» ASSIGNED TASK:
Emit the data below verbatim, stripping out any pictures.
↓
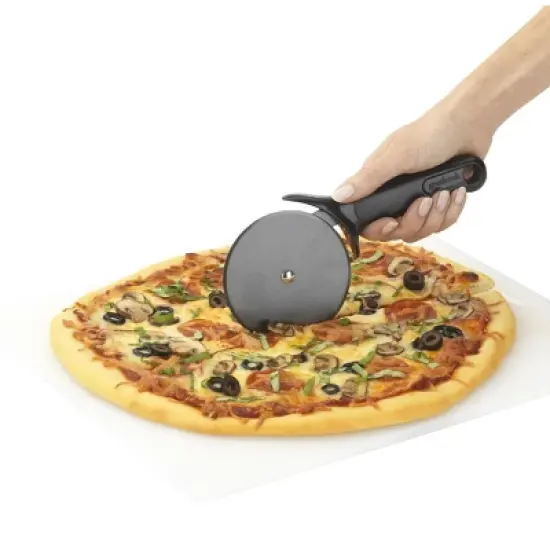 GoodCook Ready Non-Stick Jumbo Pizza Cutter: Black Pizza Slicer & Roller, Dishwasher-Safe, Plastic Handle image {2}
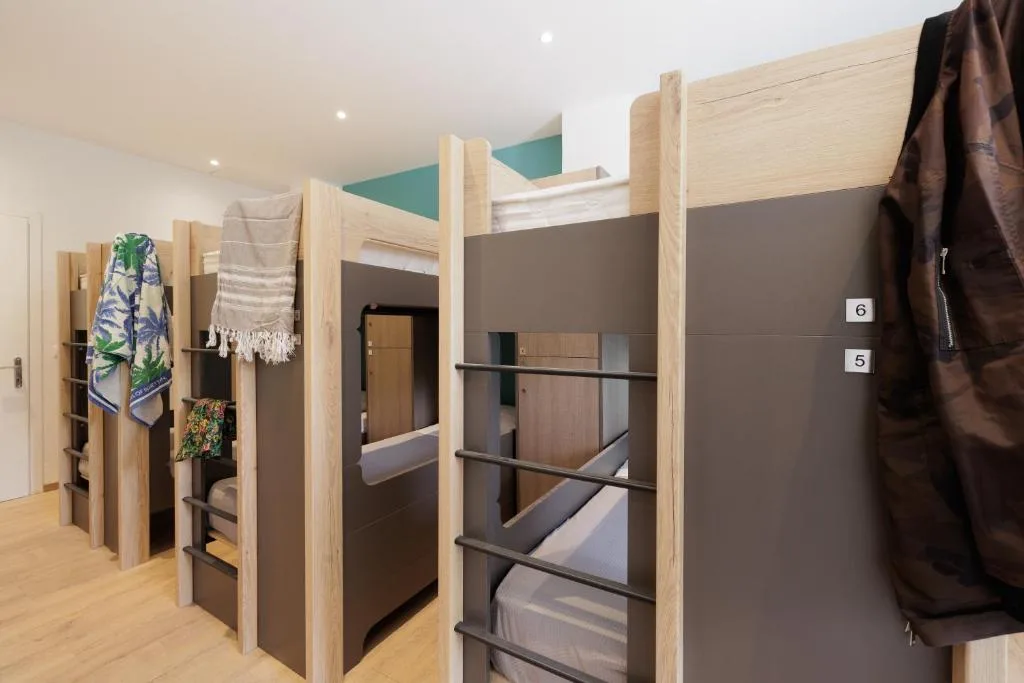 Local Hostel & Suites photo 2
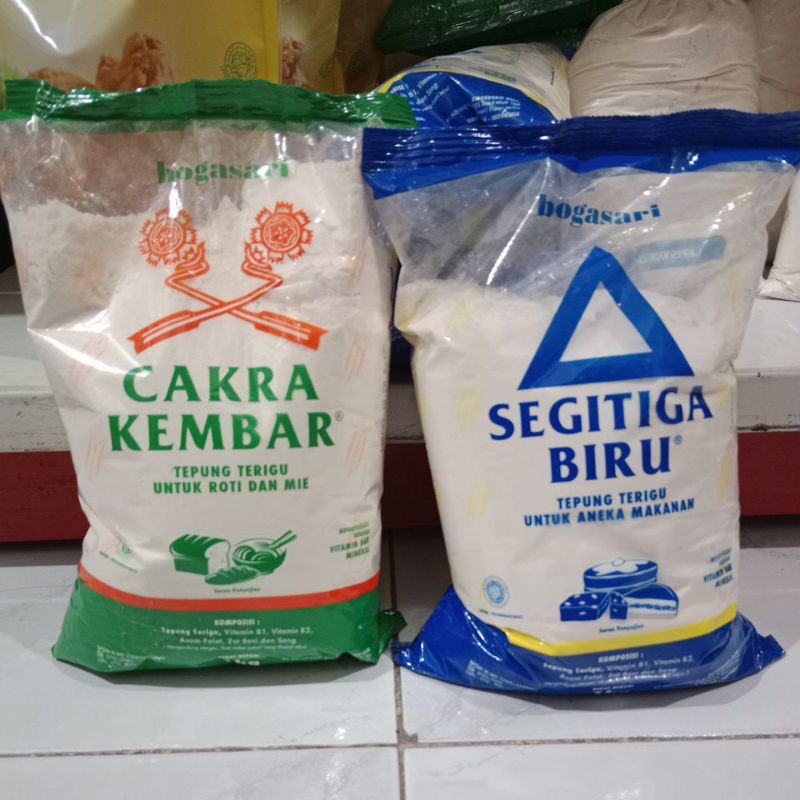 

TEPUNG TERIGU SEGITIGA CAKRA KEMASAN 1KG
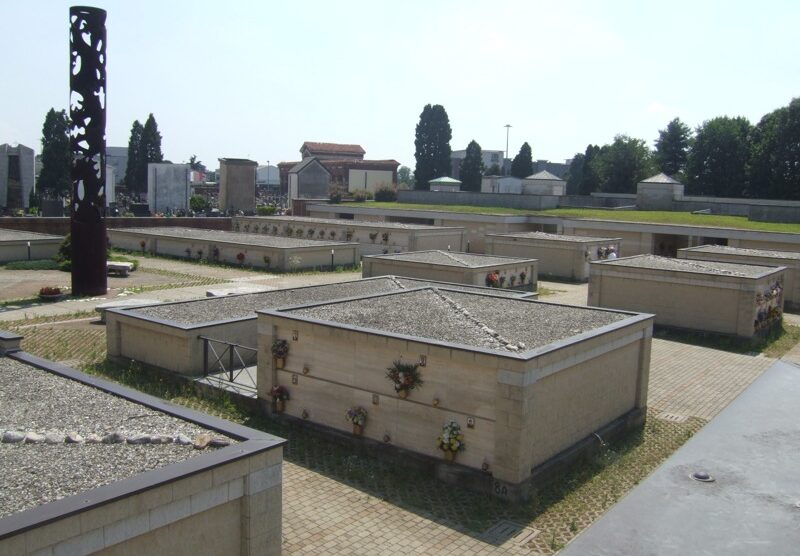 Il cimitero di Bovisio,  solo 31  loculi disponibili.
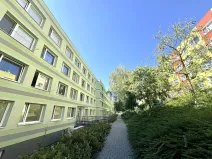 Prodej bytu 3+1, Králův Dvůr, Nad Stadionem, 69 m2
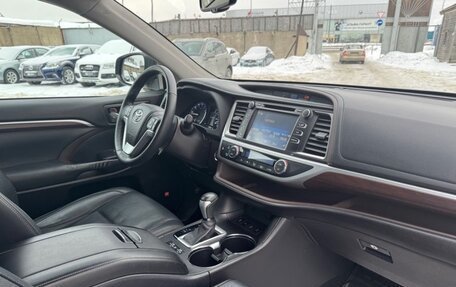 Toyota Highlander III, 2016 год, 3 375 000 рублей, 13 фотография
↑
» RESPONSE AREA:
 GoodCook Ready Non-Stick Jumbo Pizza Cutter: Black Pizza Slicer & Roller, Dishwasher-Safe, Plastic Handle image {2}
 Local Hostel & Suites photo 2

TEPUNG TERIGU SEGITIGA CAKRA KEMASAN 1KG
 Il cimitero di Bovisio,  solo 31  loculi disponibili.
 Prodej bytu 3+1, Králův Dvůr, Nad Stadionem, 69 m2
 Toyota Highlander III, 2016 год, 3 375 000 рублей, 13 фотография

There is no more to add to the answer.